* _YOUR GOAL_
Pictures are to be excluded. Please print only the lines from the one containing "Khushbhu Burnt Orange" through the end of the data, exactly as they appear.

(Pictures with short captions)
---*---

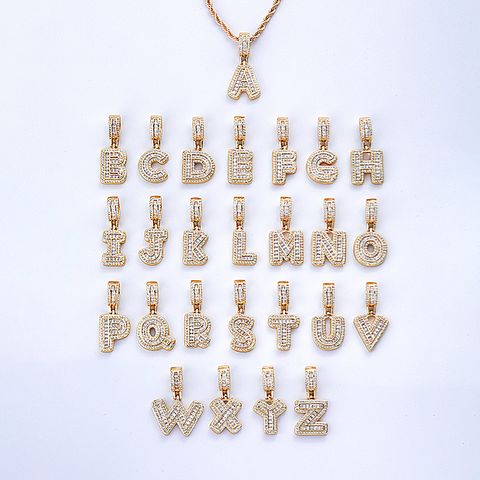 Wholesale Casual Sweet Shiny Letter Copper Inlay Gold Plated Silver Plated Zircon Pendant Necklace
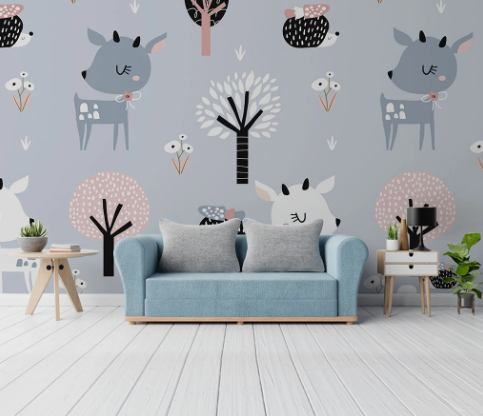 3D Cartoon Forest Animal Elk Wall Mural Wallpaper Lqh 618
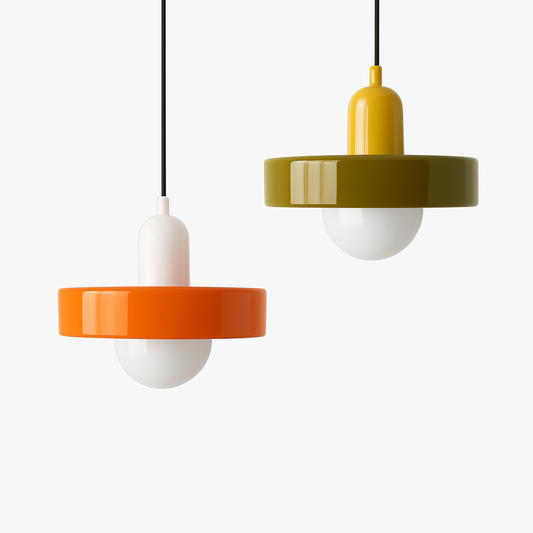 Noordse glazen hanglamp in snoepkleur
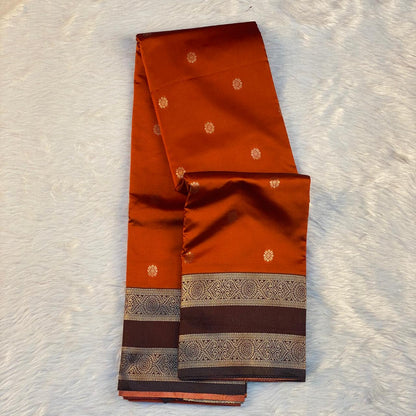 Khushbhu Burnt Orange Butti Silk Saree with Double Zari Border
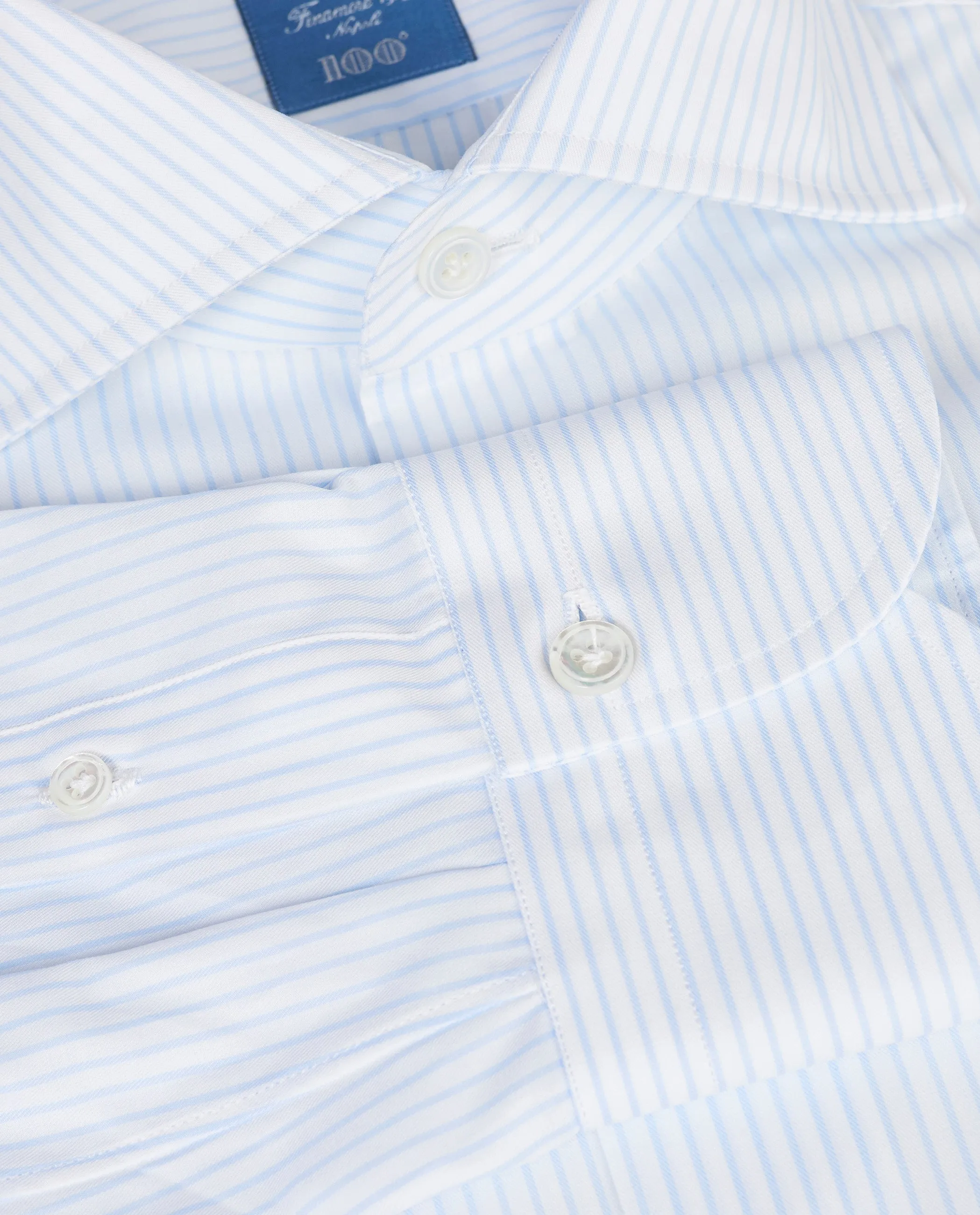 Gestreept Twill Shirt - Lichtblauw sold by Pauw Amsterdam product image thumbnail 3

---*---

* _EXERCISE SOLUTION_
 Khushbhu Burnt Orange Butti Silk Saree with Double Zari Border
 Gestreept Twill Shirt - Lichtblauw sold by Pauw Amsterdam product image thumbnail 3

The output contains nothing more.